Mitochondrial control of cell bioenergetics in Parkinson's disease

Abstract

Parkinson disease (PD) is a neurodegenerative disorder characterized by a selective loss of dopaminergic neurons in the substantia nigra. The earliest biochemical signs of the disease involve failure in mitochondrial-endoplasmic reticulum cross talk and lysosomal function, mitochondrial electron chain impairment, mitochondrial dynamics alterations, and calcium and iron homeostasis abnormalities. These changes are associated with increased mitochondrial reactive oxygen species (mROS) and energy deficiency. Recently, it has been reported that, as an attempt to compensate for the mitochondrial dysfunction, neurons invoke glycolysis as a low-efficient mode of energy production in models of PD. Here, we review how mitochondria orchestrate the maintenance of cellular energetic status in PD, with special focus on the switch from oxidative phosphorylation to glycolysis, as well as the implication of endoplasmic reticulum and lysosomes in the control of bioenergetics.

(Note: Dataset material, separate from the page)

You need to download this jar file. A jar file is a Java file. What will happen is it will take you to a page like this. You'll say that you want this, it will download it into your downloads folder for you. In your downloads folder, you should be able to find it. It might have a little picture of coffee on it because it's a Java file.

Keywords: Autophagy; Glycolysis; Lysosome; Mitochondria; Neurodegeneration; Parkinson’s disease; Pentose-phosphate pathway; Redox.

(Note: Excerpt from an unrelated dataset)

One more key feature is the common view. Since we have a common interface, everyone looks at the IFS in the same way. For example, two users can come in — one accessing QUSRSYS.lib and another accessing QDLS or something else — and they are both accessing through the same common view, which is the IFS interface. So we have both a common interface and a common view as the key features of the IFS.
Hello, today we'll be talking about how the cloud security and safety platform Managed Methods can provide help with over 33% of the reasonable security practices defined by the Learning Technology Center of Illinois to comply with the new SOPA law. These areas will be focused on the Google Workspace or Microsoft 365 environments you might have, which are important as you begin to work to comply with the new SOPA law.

Figure 1. Cellular pathways associated with bioenergetics in PD

Genetic mutations in PD-related genes and/or exposure to environmental toxins lead to an increased oxidative stress and mitochondrial failure that affect several metabolic pathways. Dysfunctional mitochondria induce the aggregation of proteins, such as α-synuclein, due to impairment in the ubiquitin/proteasome and autophagy/lysosome pathways. This also leads to alterations in the cross-talk between mitochondria and ER, contributing to increased mROS. Additional factors, such as dopamine metabolism or glial activation may also contribute to increased ROS. Excessive ROS interfere with ATP synthesis and contribute to the stabilization of proteins, such as HIF-1, which mediates glycolytic up-regulation in order to compensate for the mitochondrial energy impairment. However, increased glycolysis may have adverse effects in neurons. Thus, glycolysis facilitates a failed attempt of post-mitotic cells to re-enter the cell cycle, a feature that may be important in genetic PD-related mutations affecting p53. Also, certain glycolytic intermediates may interact with dopamine derivatives generating neurotoxins. Finally, increased glycolysis impairs antioxidant PPP. Thus, the compensative increase in glycolysis contributes to the cascade of events leading to selective degeneration of dopaminergic neurons.

Figure 2. Metabolic shift in familial parkinsonism

Mutations in familial PD-linked genes encoding α-synuclein, parkin, DJ-1, PINK1 and LRRK2 are associated with PD pathogenesis. These mutations contribute to PD causing mitochondrial dysfunction, oxidative damage and abnormal protein aggregation and phosphorylation, compromising neuronal function and survival. α-Synuclein undergoes aggregation as a consequence of its mutation or indirectly by mutation of other PD-related genes, endangering protein degradation pathways and inducing ER stress and mitochondrial dysfunction. Mitochondrial dysfunction and oxidative damage lead to deficits in ATP, which activates glycolysis. This glycolytic increase can also be consequence of genetic mutations in Parkin, PINK1 and DJ-1, which act on specific glycolytic regulatory proteins. In addition, Parkin, being an E3 ubiquitin ligase, promotes proteasomal degradation, participates in mitochondrial fusion and fission processes, and reverses PINK1-induced mitochondrial dysfunction. DJ-1 protects mitochondria against oxidative stress, it functions as a transcriptional co-activator of PINK1, amongst others, and blocks α-synuclein aggregation. PINK1 protects against mitochondrial dysfunction, preventing mitochondrial ROS production and recruiting Parkin into mitochondria, thus controlling mitochondrial dynamics. LRRK2 seems to play a role in synaptic vesicles formation. LRRK2 causes abnormal protein phosphorylation, which induces mitochondrial-dependent cell death. Furthermore, familial PD-linked genes such as Parkin, PINK1, DJ-1 and α-synuclein favour ER-mitochondria crosstalk through maintenance of contact sites, thus promoting cell survivalGreen arrows indicate activating effects, and red lines with blunt ends inhibitory effects).